Regardless of curriculm, the two cohorts of students displayed the same level of clinical skills in psychiatry.

This study did find that PBL had a positive effect on students’ ability to solve problems based on written case scenarios, but no striking difference in their knowledge or clinical skills. We therefore conclude that although doctors produced under both curricula possessed similar clinical psychiatric skills, it is not possible to make definitive statements regarding the success or failure of the revision. The expected outcomes of the revision were not clearly specified at the outset, so whether it was worthwhile or not is debatable.

We advocate an outcome-based approach for future curriculum innovations in order to provide a framework for the evaluation of such revisions.

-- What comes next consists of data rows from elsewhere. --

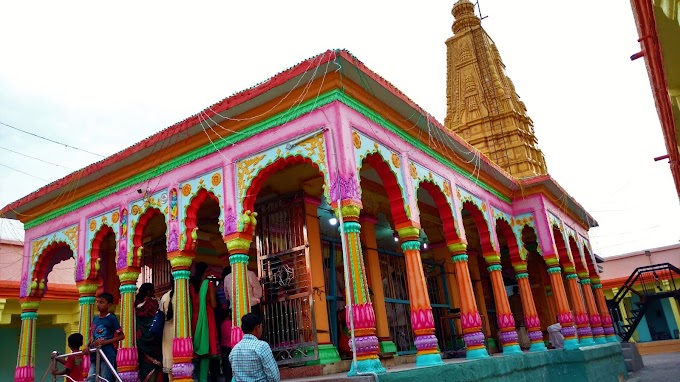 Colorful Temple at Dhapewada Kalameshwar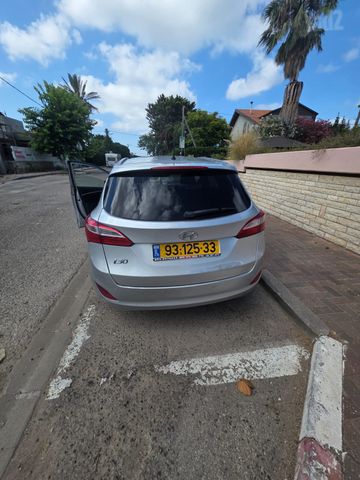 יונדאי i30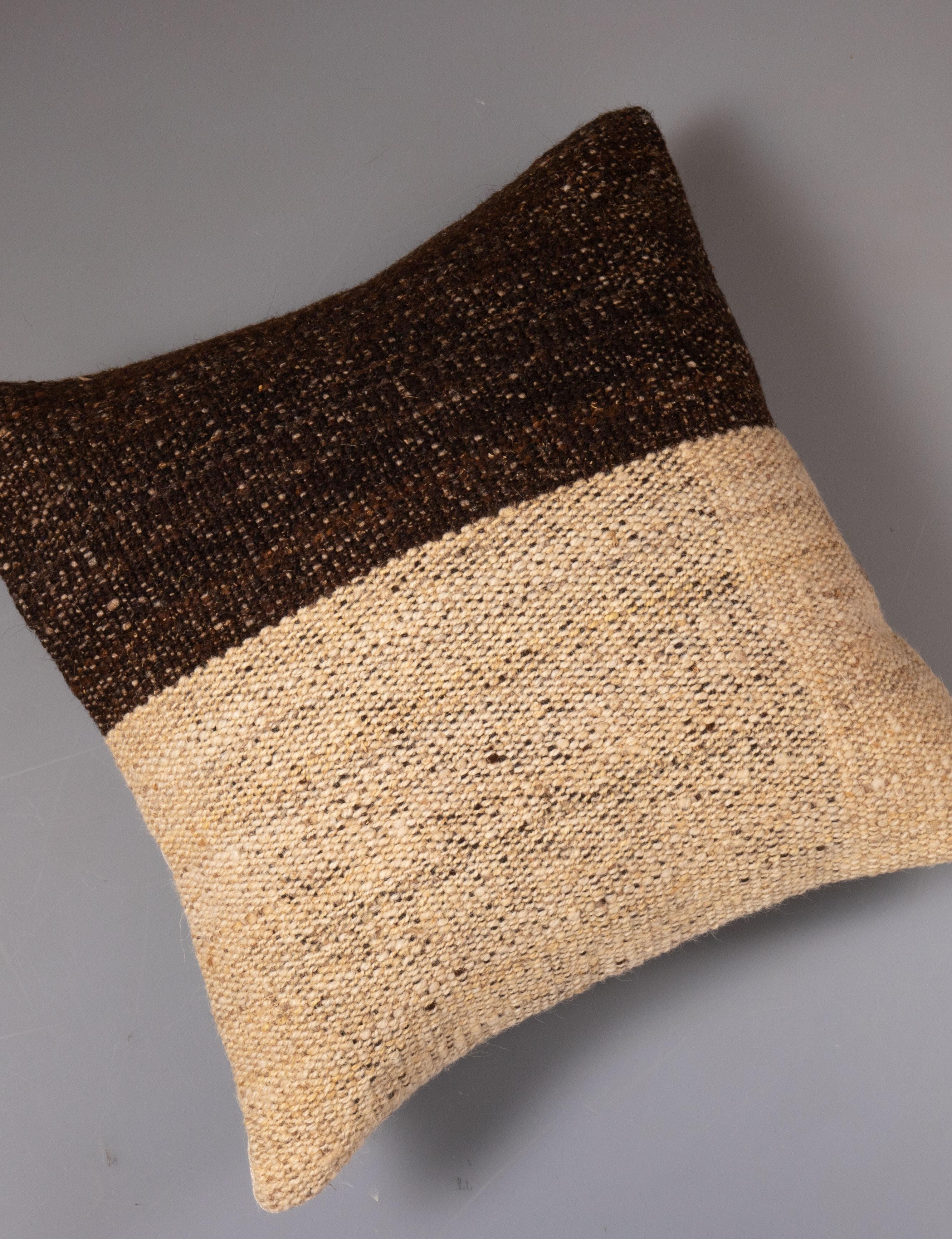 Pillowcase Made from a Contemporary Wool Kilim For Sale 2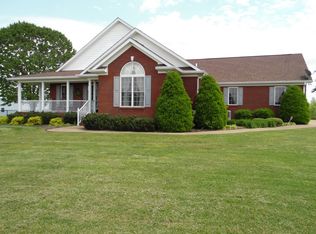 98 N Old Military Rd, Summertown, TN 38483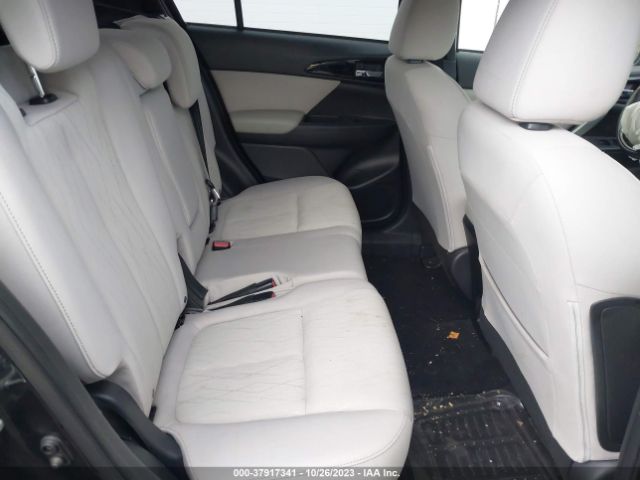 JA4AT5AA9JZ039323 Mitsubishi Eclipse Cross Se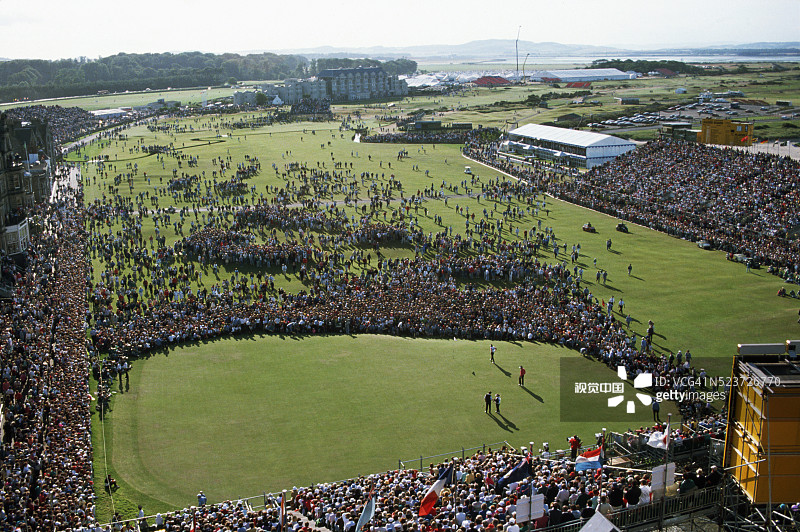 观看英国公开赛高尔夫锦标赛的人群图片素材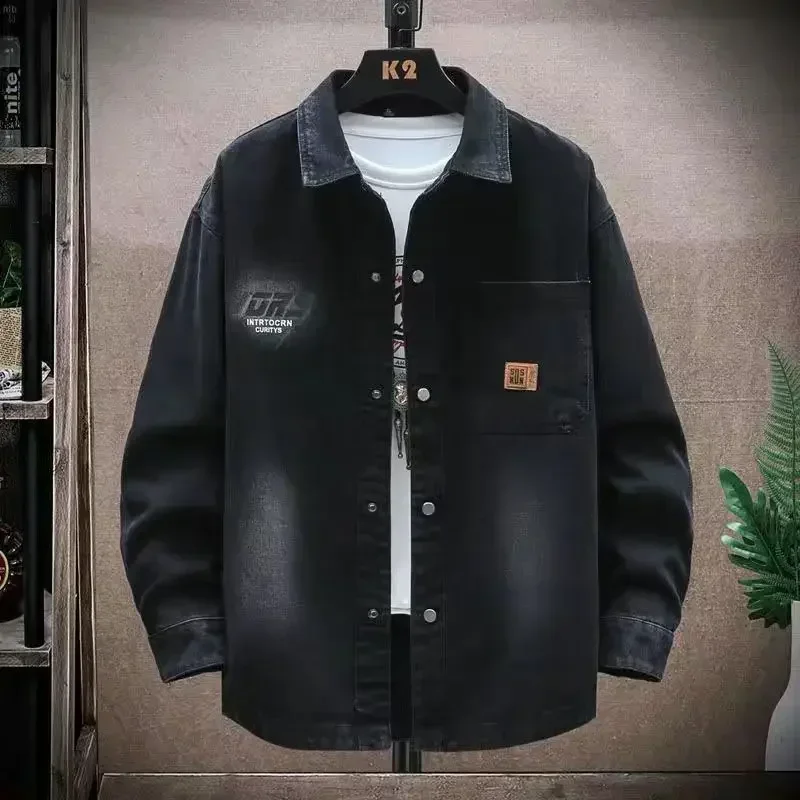 thumbnail image 1 of Chaqueta vaquera de otoño con letras para hombre, abrigo vaquero para hombre con botón estampado, azul G, precio económico, estilo a bordo, invierno 2024, vaquero desgastado, 1 of 5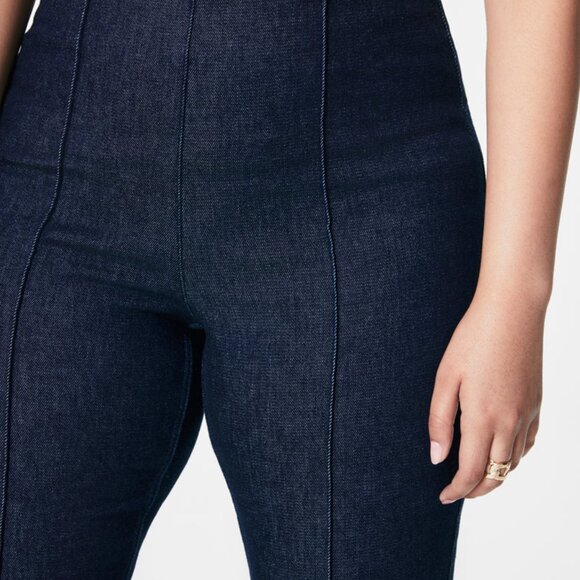 SPANX Shape EveryWear Dark Raw Indigo Zero Waistband Micro Flare Jeans Sz M  EUC - Picture 2 of 11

This study’s contribution to global medical educational discourse is the finding that students’ graduating from the PBL curriculum at the NRMSM did not have improved psychiatric clinical skills, but were certainly not worse off than their LBL counterparts. Students trod an alternative path from novice to doctor, but although the road was shorter the outcomes were similar. Our study also emphasises that curricular evaluations are more meaningful when informed by well-defined predetermined outcomes.